_WHAT THE TASK ASKS_
Read the listing and extract each line that includes the word "Cargo".

[Start of Attachment]

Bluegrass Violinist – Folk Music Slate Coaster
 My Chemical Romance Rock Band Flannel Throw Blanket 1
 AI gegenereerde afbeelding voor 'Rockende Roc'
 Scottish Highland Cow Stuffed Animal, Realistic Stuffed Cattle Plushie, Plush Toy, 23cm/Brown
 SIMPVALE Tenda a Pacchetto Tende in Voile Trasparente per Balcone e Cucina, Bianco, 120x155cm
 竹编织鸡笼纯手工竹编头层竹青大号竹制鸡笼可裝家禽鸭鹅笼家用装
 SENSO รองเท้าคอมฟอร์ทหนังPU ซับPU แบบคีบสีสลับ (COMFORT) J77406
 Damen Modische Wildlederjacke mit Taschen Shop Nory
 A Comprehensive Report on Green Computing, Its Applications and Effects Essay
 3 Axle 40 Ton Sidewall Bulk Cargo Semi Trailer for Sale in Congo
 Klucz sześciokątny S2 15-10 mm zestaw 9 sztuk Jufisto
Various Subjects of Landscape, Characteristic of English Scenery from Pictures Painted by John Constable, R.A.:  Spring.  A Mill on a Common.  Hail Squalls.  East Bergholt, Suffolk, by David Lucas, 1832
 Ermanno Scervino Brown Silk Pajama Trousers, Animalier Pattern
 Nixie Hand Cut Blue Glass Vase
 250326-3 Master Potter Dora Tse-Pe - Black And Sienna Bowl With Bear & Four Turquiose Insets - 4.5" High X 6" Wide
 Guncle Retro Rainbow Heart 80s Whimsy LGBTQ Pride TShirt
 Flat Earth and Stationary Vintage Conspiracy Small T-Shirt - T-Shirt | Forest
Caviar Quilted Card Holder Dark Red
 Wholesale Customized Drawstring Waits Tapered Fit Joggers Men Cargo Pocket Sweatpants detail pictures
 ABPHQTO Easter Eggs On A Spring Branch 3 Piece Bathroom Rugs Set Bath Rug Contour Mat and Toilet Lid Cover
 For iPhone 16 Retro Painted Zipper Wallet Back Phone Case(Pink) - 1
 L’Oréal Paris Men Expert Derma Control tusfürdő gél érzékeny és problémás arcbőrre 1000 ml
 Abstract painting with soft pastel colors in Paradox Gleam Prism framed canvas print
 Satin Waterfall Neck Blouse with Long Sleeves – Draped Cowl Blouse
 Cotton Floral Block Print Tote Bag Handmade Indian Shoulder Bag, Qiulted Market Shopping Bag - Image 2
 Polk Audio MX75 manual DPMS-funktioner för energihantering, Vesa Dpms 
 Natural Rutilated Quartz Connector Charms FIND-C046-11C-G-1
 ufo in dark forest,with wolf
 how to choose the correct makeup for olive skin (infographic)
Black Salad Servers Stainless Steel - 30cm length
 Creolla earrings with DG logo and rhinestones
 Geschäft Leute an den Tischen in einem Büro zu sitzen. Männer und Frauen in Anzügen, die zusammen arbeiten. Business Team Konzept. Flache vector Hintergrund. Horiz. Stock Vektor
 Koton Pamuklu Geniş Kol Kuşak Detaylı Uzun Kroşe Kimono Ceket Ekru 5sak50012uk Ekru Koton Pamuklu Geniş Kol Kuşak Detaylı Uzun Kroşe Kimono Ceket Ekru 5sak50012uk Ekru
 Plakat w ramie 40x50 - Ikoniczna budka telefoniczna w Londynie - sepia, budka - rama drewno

[End of Attachment]

_YOUR SOLUTION_
 3 Axle 40 Ton Sidewall Bulk Cargo Semi Trailer for Sale in Congo
 Wholesale Customized Drawstring Waits Tapered Fit Joggers Men Cargo Pocket Sweatpants detail pictures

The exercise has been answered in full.